What about named after spices? Because they spice up his life. Turnips need to be seasoned after all!
Pepper, Ginger, Nutmeg, Rosemary, Basil
Now I’m hungry.
Little Beet (Beatrice)
There’ll be Reginald Jr, the spitting image of his father. Though everyone will call him Rudy (short for Rutabega, naturally).
Much to Turnip’s delight, another boy followed Rudy. Though Christened Charles, Parsnip seemed dead set on calling him Potato, as she thought he quite resembled one when he was newly born. He grew up to be much more serious than the rest of his family, and greatly disliked the nickname. By his late teens, he begrudgingly answered to Pat (and even secretly liked it).

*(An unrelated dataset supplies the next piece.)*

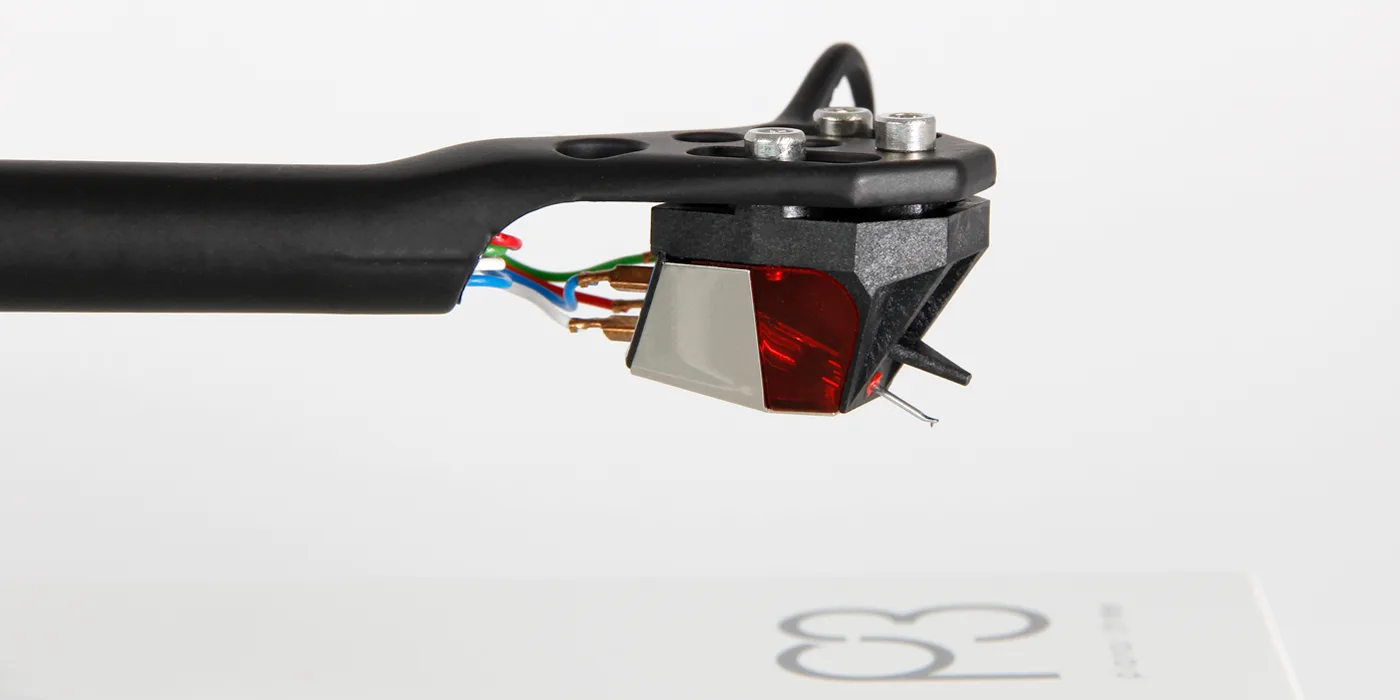 rega Nd3 - MM Tonabnehmer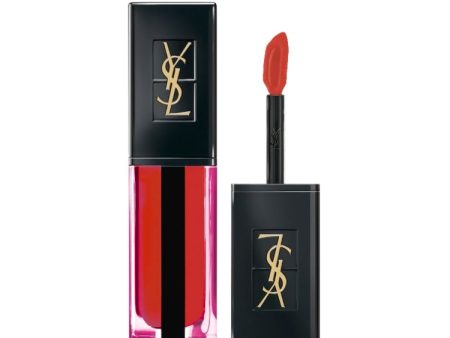 Yves Saint Laurent - Rouge Pur Couture - Vernis À Lèvres Water Stain - Fresh Glossy Stain Cheap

Next came Madeleine. Of course, everyone was scandalized when Arabella revealed the name, with the war so fresh in everyone’s memory. But though of French origin, Arabella had craved Madeleine cookies so often during her pregnancy, that the name seemed a perfect fit. And anyway, everyone except her mother called her Maddie.
Then there’s little Ginny, given name Ginger, because the Fitzhughs have given up trying to provide their progeny with “sensible” names, seeing as they’re never much used.
Rudy aka Rutabaga (he also has red hair).
Clara also known as Carrot (her hair is a wee bit more orange).
Lily who is already planted firmly in a floral title, but who is later nicknamed the Lady of Shallot due to her love of reading. Much later in life, of course.
Georgina who they lovingly call Ginger, mostly due to her feisty youngest-child nature.
Yummy veggies with unusual names should fit the bill:
2) Brinjal (eggplant in Gujurati; related to potatoes and other root veggies…Brin for short)
3) Rutabega (Rooty for short!)
4) Dandelion (roots are often used in Asian cooking and fittingly tea)
Salsify (Sal, Si, or Fee for shorter nickname)
Crosne (Chinese artichoke)
Sunchoke (could be “Sunny”)
Tannia (form of xanthosome)
Few more than needed, but……the more the merrier to choose from, right? 🙂
This is the best ask-the-reader question ever. I love the Fitzhughs. I never miss the Fitzhughs, however, since their story is reread several times a year.
Arabella, being the practical sort, vetoed the naming of any more children for root vegetables after Parsnip was born. Two root vegetables in one family was quite enough. Turnip, however, could not abide by foisting his children into the world without an appropriate sobriquet (Deuced frenchy word, Sobriq-whats-its). Putting all of his previous training as Assistant to the Assistants of The Pink Carnation (a title of his own devising, which, for a short time, graced the front of his calling card in pink lettering), Turnip set out to outwit his wife into accepting nicknames for their children that would be mutually acceptable. Arabella, who played along with the supposed-outwitting, allowed Turnip to choose the following:
“Trellis”: Real name Rose Fitzhugh. Turnip has an inordinate fondness for trellises.
“Mistletoe”: Real name Holly Fitzhugh.
“Pie”: Real name Ivy Fitzhugh.
“Pudding”: Real name Farley Fitzhugh.
Daikon (Japanese white radish)
I like Parsley for one of them. Goes well with Parsnip.
Hmmmm… thinking of Christmas scents/flavors/plants…
Allie (short for Allspice)
Cinna (short for Cinnamon– no relation to Hunger Games)
Pepper (short for Peppermint)
Coco (short for Hot Cocoa)
I like Tipsin for a boy, it’s another type of turnip. I also like Cassava, Ginger and Carotte (French name for carrot) for the girls. Arabella & Turnip are some of my favorite characters!